A new Asian gallery was opened at the Art Gallery of New South Wales in 2003 with the aim of bringing ‘Asian art and culture to the fore of the building and into the consciousness of the people’. Known as the upper Asian gallery, it was built on top of a lower Asian gallery, which had opened on 25 March 1990 as the last phase of the Australian Bicentennial additions. The Art Gallery submitted plans for the upper Asian gallery in 1996, but it was not until 2000 that the state government pledged $13 million towards the project. Concern over the true cost of the Sydney Olympics was said to have delayed funding.

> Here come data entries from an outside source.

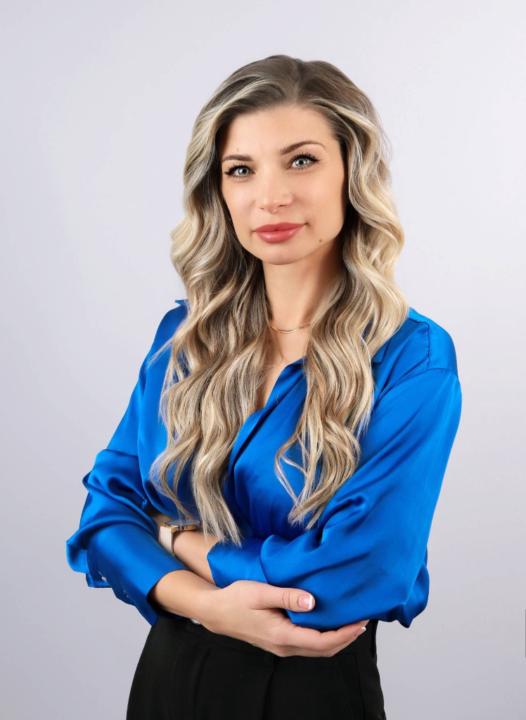 Aleksandra Koleva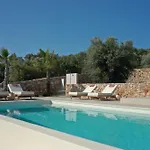 Secret Garden Lefkada Frínion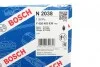 Топливный накручиваемый фильтр дизель BOSCH F026402038 (фото 8)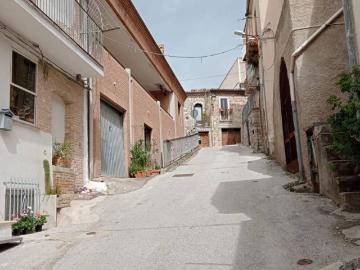 Villa in vendita a San Giovanni in Galdo CB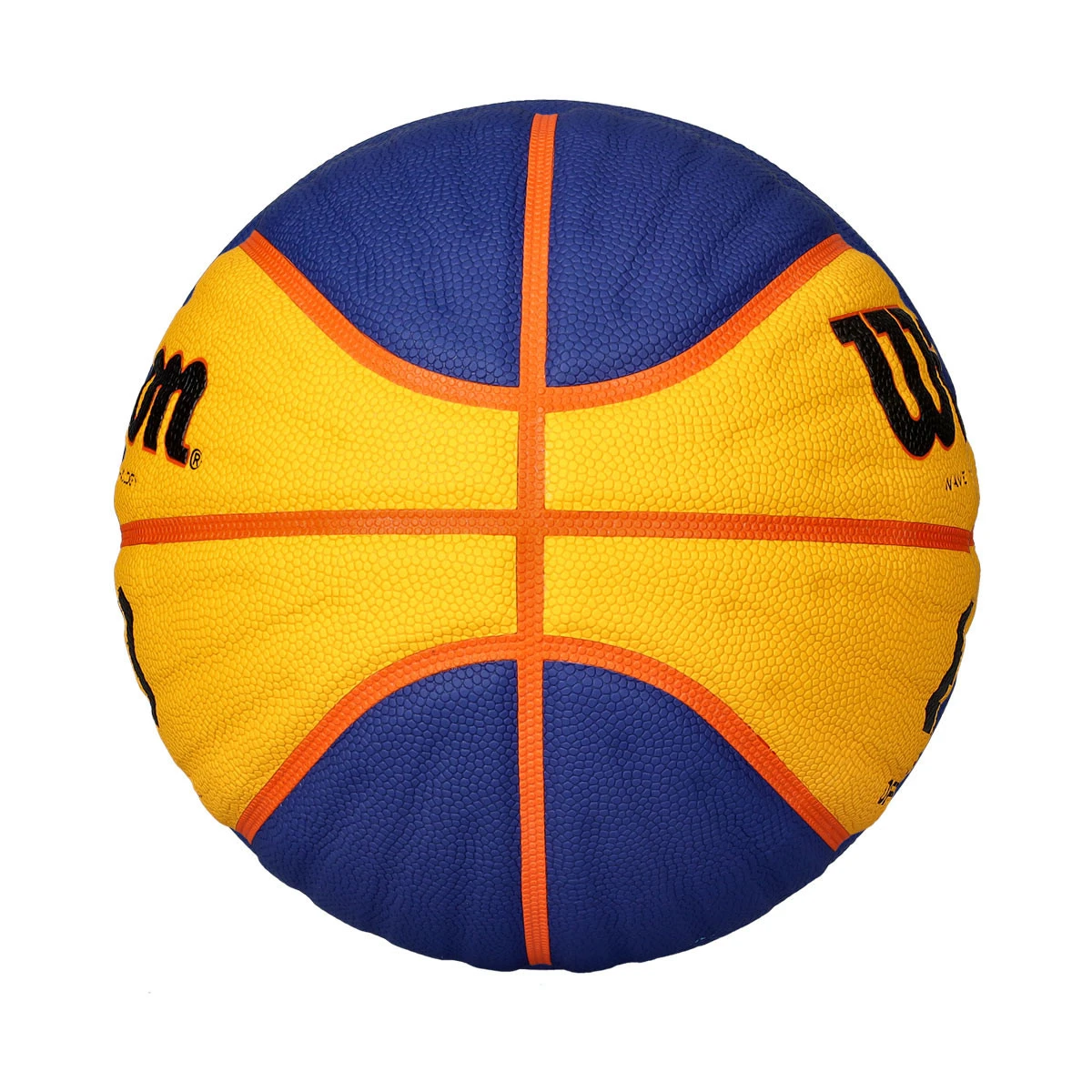 balon-wilson-fiba-3x3-game-basketball-talla-5-federacion-de-baloncesto-de-madrid-orange-1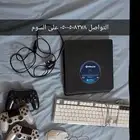 سوني 4 مع 3 يدات مع شريط فيفا 23 مع موس كبورد وتجي هديه موس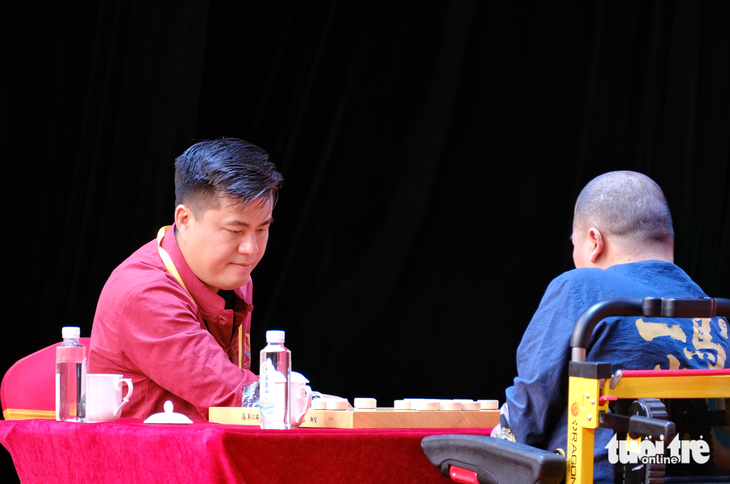 Lại Lý Huynh - Ảnh 9.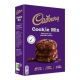 CADBURY DOUBLE CHOCOLATE COOKIE MIX 265 GMS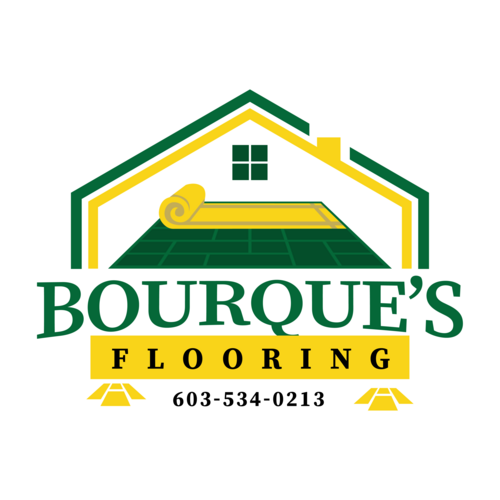 Bourques Flooring Logo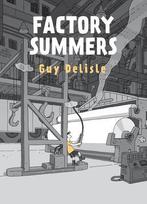 Factory Summers [HC], Boeken, Nieuw, Verzenden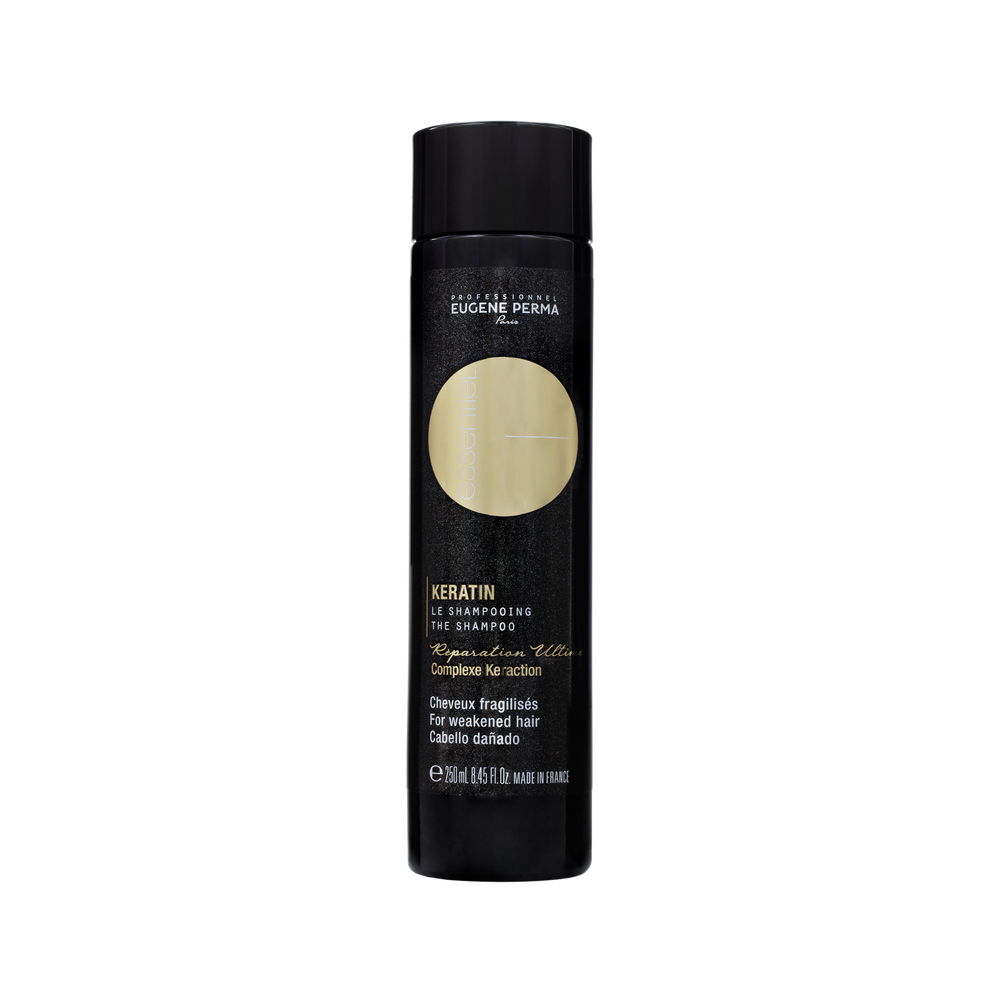 Eugene Perma Essentiel Keratin Shampoo 250ml
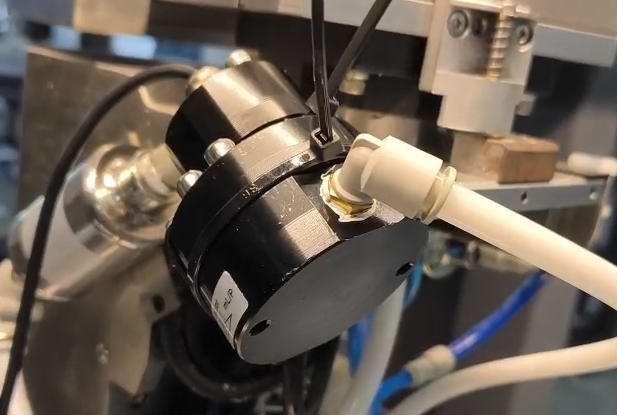 案例研究：微小齒輪流量計(jì)在生物制藥、精細(xì)化工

Designed by Sydney architect Richard Johnson, the building was an elegant square within a square, evoking features of Asian culture and architecture, with its references to a lantern and a pavilion on a platform. The walls of the lantern gallery were made entirely of glass, with a three-part composite of clear glass to the outside, a white inter-layer and standard glass facing the interior, pinned together on the exterior by decorative stainless-steel lotuses. The way natural light was brought into this space and directed, depending on differing conservation requirements of the art, was a remarkable feature of the design.

Anne Flanagan, general manager of exhibitions and building, spoke of the Art Gallery now having three distinct zones: European and historic Australian art within the Vernon building, 20th-century Australian and international art in the 1972 and 1988 galleries designed by Andrew Andersons, and now Asian art over two floors within its own wing.